Wednesday, May 22, 2013
Tessa L. Dysart (Regent University School of Law) has posted The Protected Innocence Initiative: Building Protective State Law Regimes for America’s Sex-Trafficked Children (Columbia Human Rights Law Review, Vol. 44, 2013) on SSRN. Here is the abstract:
Under the federal Trafficking Victims Protection Act of 2000 (TVPA), the prostitution of minors under the age of eighteen falls specifically within the crime of human trafficking, which makes prostituted children trafficking victims. Human sex trafficking includes the “recruit[ing], entic[ing], harbor[ing], transport[ing], provid[ing], obtain[ing], or maintain[ing]” of minors for commercial sexual exploitation. The passage of the TVPA increased political and public awareness of the existence of human trafficking, but initially most of this awareness was focused on trafficking across international borders. In recent years, however, the federal government and non-profit organizations have turned their attention to the trafficking of U.S. citizens in general and domestic minor sex trafficking in particular.
“Domestic minor sex trafficking is the commercial sexual exploitation of American children within U.S. borders and is synonymous with child sex slavery, child sex trafficking, prostitution of children, and commercial sexual exploitation of children.” Although Congress has enacted tough laws that comprehensively address the crime of sex trafficking, limited federal enforcement resources constrain the federal government’s ability to combat domestic minor sex trafficking, which is just one subset of the overall crime of human trafficking. Furthermore, because domestic minor sex trafficking involves the prostitution of children, the prosecution of which has traditionally been a matter of state and local concern, it is important for states to play a significant role in prosecuting domestic minor sex traffickers and providing restorative care to victims. However, while many states criminalize human trafficking, only some states’ laws specifically address minor sex trafficking, and many of the laws are not as comprehensive and protective as federal law. Some states even treat trafficking victims as criminals or delinquents under state law.

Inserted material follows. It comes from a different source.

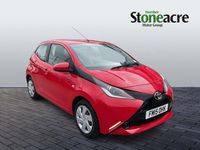 Used Toyota Aygo X-play 69 HP (50 kW) 2015 Red Hatchback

Until recently, the full extent to which state law addressed domestic minor sex trafficking and provided restorative care to victims was unknown. In December 2010, Shared Hope International, a non-profit organization committed to eradicating sex trafficking and slavery, announced the Protected Innocence Initiative, which “set out the basic policy principles required to create a safer environment for children.” The Initiative’s goal was to undertake a detailed analysis of the laws of each state and the District of Columbia on domestic minor sex trafficking and related issues, including laws criminalizing the commercial sexual abuse of children, laws pertaining to non-commercial child sexual abuse, child protective (dependency) and delinquency provisions, and laws relating to police training and investigative techniques. The analysis, which was undertaken with the American Center for Law and Justice, identified numerous weaknesses in state domestic minor sex trafficking laws that must be remedied for states to effectively and comprehensively address domestic minor sex trafficking. While some states have improved their laws since the Protected Innocence Initiative research was completed, there is still a significant amount of work to be done to make state laws truly protective of domestic minor sex trafficking victims.
In Part II of this Article, I explain the purpose and necessity of the Protected Innocence Initiative by first reviewing the federal laws on domestic minor sex trafficking, which provide a useful comparison point for state laws, and then examining the need for states and localities to play a role in investigating and prosecuting domestic minor sex trafficking. In Part III, I set out the specific policy principles analyzed in the Protected Innocence Initiative Methodology, explain why the Protected Innocence Initiative focused on a methodology rather than a model law, and review the Protected Innocence Initiative’s findings on key components. Finally, in Part IV, I discuss state legislative responses to domestic minor sex trafficking since the Protected Innocence Initiative and recommend additional steps for the future.